This dissertation investigates the integration of two sources of non-conformity – exceptionality and variation – in a single phonological system. Exceptionality manifests itself as systematic non-conformity, and variation as partial or variable non-conformity. When both occur within the same phenomenon, this is particularly challenging for the linguistic system. Modern Hebrew spirantization provides an apt case study for the investigation of the interaction of these two sources of non-conformity where exceptional (non-alternating) segments are frequent, and variation in alternating segments has been reported (Adam 2002). This dissertation makes contributions in the forms of both data and analysis. Its goals are to provide a description of exceptionality and variation in Modern Hebrew spirantization and an analysis which incorporates alternation, exceptionality and variation.
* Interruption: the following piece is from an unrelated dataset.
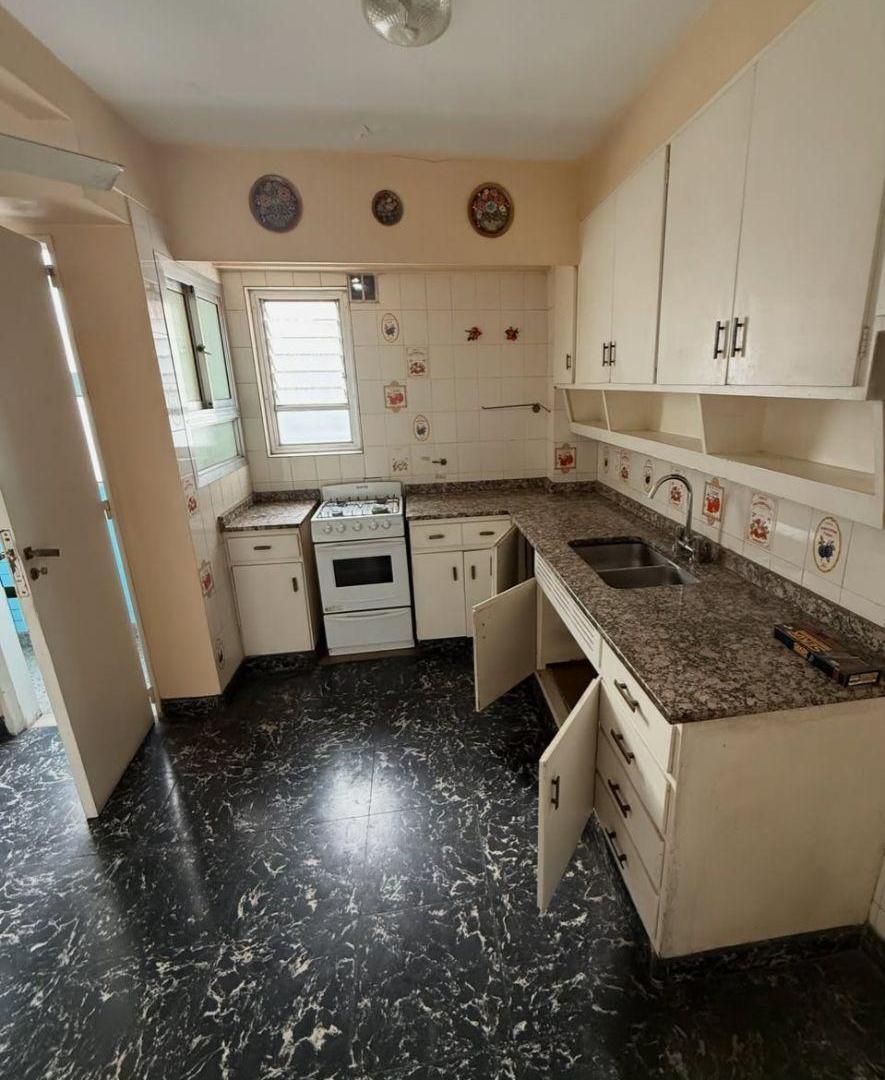 Foto de Departamento 4 ambientes con 3 baños. Y balcón, imagen 3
To collect data for the description of Modern Hebrew spirantization in verbal paradigms, an experimental rating task was conducted. Its goal was to examine speakers’ acceptance of variation in both alternating and exceptional segments in Modern Hebrew spirantization, where stops and fricatives alternate, with the latter occurring in post-vocalic contexts and the former occurring elsewhere. The results establish that variation is at least somewhat acceptable in both alternating and exceptional segments, and is significantly more acceptable in alternating segments than in exceptional ones. Moreover, speakers showed a preference for the expected forms of both types of segments (i.e. the non-alternating form in exceptions, and post-vocalic fricatives or word-initial and post-consonantal stops in alternating segments). Importantly, the results also show that variation in both types of segments is gradient.
To account for alternation, exceptionality, and variation in relation to a single phonological process, I propose a model combining the set-indexation approach for exceptionality (Pater 2000) with stochastic OT and the Gradual Learning Algorithm for gradience in variation (Boersma 1998; Boersma & Hayes 2001; Hayes & Londe 2006; Hayes & MacEachern 1998; Zuraw 2000). I call this the ‘combined model’. I show that neither approach is able to account for both sources of non-conformity on its own; set-indexation allows only for categorical distinctions between alternation and exceptionality, whereas ranking distributions in stochastic OT limit the possible range of constraint interactions to account only for variation.
Looking forward, implementing the acquisition of these patterns in current models of the learning algorithms results in a paradox. In particular, set-indexation and stochastic constraint rankings both presuppose that the mechanism they do not account for is established by a different mechanism – set-indexation is only implemented once variation and speech errors have been ruled out as the cause for non-alternation, whereas in order to provide the stochastic constraint rankings accounting for acceptability of variation in all tokens, set-indexation must have already been implemented. This study therefore opens new avenues for research directions involving learning algorithms, which are open to future refinement in handling patterns of non-conformity.